Identity politics increases the divides

Something similar can be said about the man suspected of trying to kill the cartoonist Kurt Westergaard with an axe, Muhudin Mohamed Geele. Geele came to Denmark as a teen, where he got a good education and was even hired by the Red Cross. He was married and had three children, but began to become increasingly isolated, despite being fairly well integrated into Danish society, taking trips to Eastern Africa and, according to the Kenyan police, getting involved in an attempted attack on a hotel in Nairobi where Hillary Clinton was staying.

One can certainly wonder what it is about Islamic extremist movements that seems so appealing to these young men. And one can ask oneself in what way courses in Western culture, for instance, might change something in their development. There does not seem to be a lack of insight into Western culture that compelled them to want to bomb the world that they and their parents once moved to and where they themselves received their intellectual training.

The hit movie Avatar provides one explanation that is not entirely unreasonable. Western civilisation is presented as a waste land that makes reality in T S Eliot’s famous poem sound like a carnival. Pitted against the ruthless exploitation of capitalism and the objectification and relativisation of the life and value of humans is an existence of connection, profound religiosity and contact with the traditions of one’s ancestors. It seems totally logical that the main character chooses the latter existence in all its primitiveness and despite all the promises of future benefits in the modern world.

But to return to the Islamic terrorists, one can also wonder to what extent it was on the basis of, rather than in spite of, their being educated in the Western world that they developed as they did. The idea has certainly crossed my mind that Western identity politics may have been of critical importance to the radicalisation of highly educated Western Muslims.
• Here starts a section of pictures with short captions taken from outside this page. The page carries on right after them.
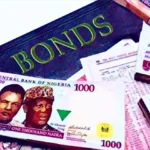 Article image showing Nigerian naira notes placed next to a bond document. The image represents Nigeria’s Federal Government bond market, naira-denominated debt, sovereign borrowing and fixed-income investment.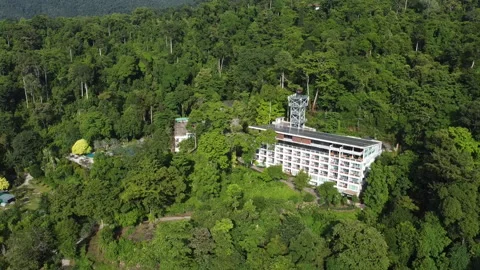 The building is in the middle of a mountain with green trees surrounding it. Video stock 173427135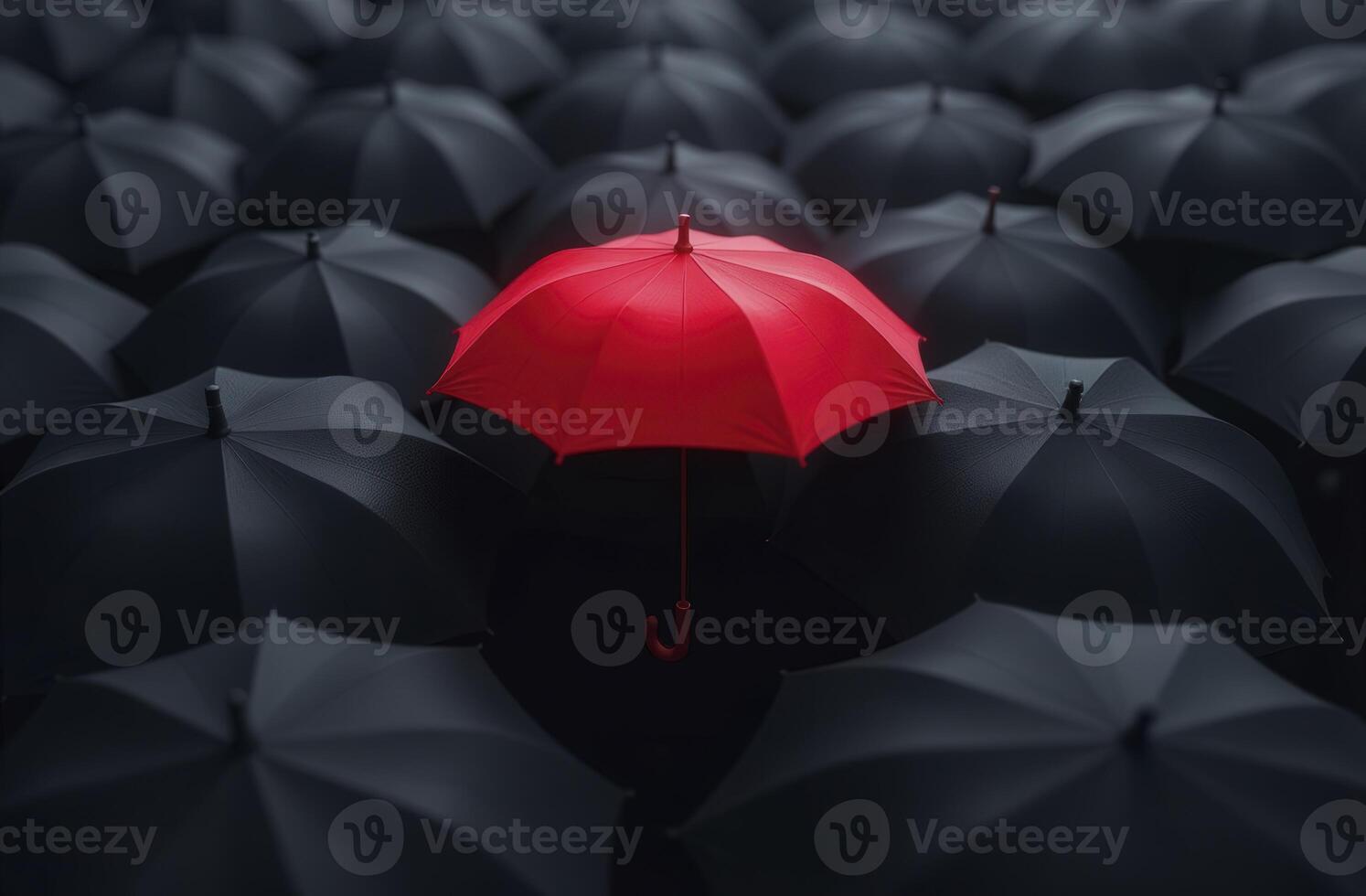Red umbrella standing out from the crowd of black umbrellas photo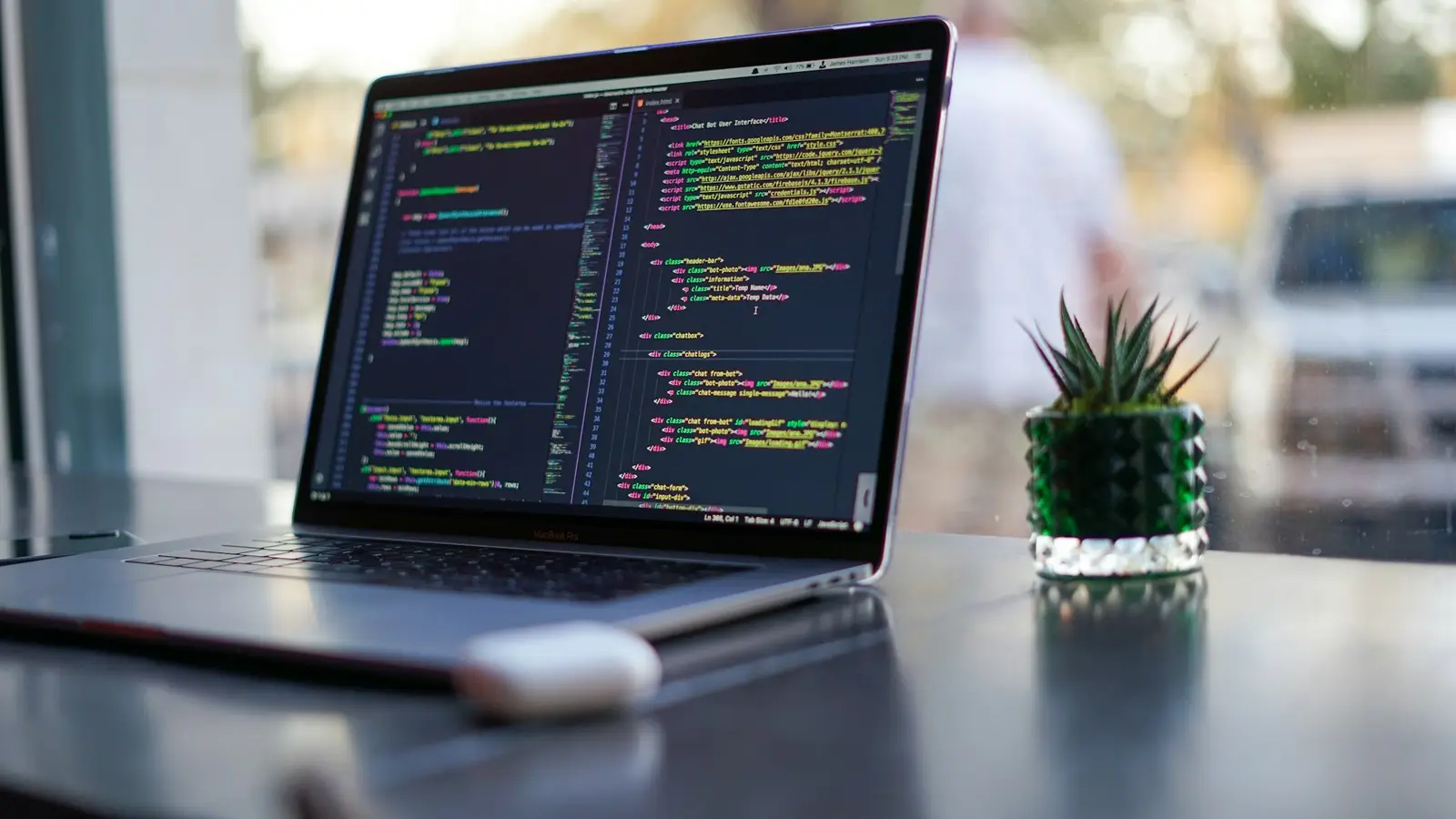Laptop showing website code on a desk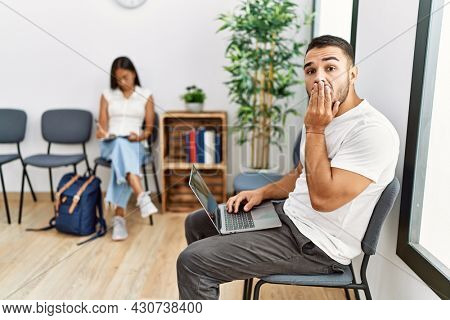 Young people sitting at waiting room working with laptop covering mouth with hand, shocked and afraid for mistake. surprised expression 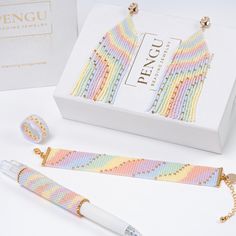 a pair of colorful bracelets next to a white box with gold chains on it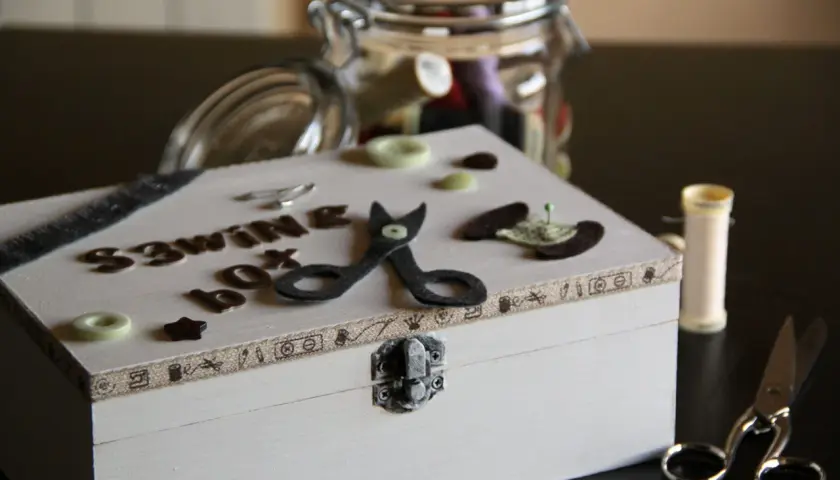 Un costurero pequeño decorado con letras, tijeras de fieltro y botones. Un tarro lleno de hilos y tijeras completan la escena.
During my years as a lecturer at various Swedish universities, I have frequently experienced the destructiveness of students seeing themselves as members of a collective that is discriminated against rather than as individuals. I noticed how differently students chose to confront the types of problems that are almost always encountered in pursuing an education – like low self-esteem in writing essays. For ambitious male students with a middle class Swedish background, it was obvious that in situations like this, it was necessary to take individual action to come to grips with the problems. It could mean taking a course in stylistics, changing their focus of studies or simply seeking psychological help. However, women who took feminist ideology to heart responded radically differently.

They viewed their problems as stemming from structural disparities. With that kind of explanatory model, the problems an individual woman has in dealing with a university course are seen as a natural consequence of a patriarchal gender power order that systematically favours men. For instance, working out a writer’s block on an individual basis, from this perspective, seems completely futile. It is much more effective to fight for change in the basic structures of society, to take an active part in the feminist struggle.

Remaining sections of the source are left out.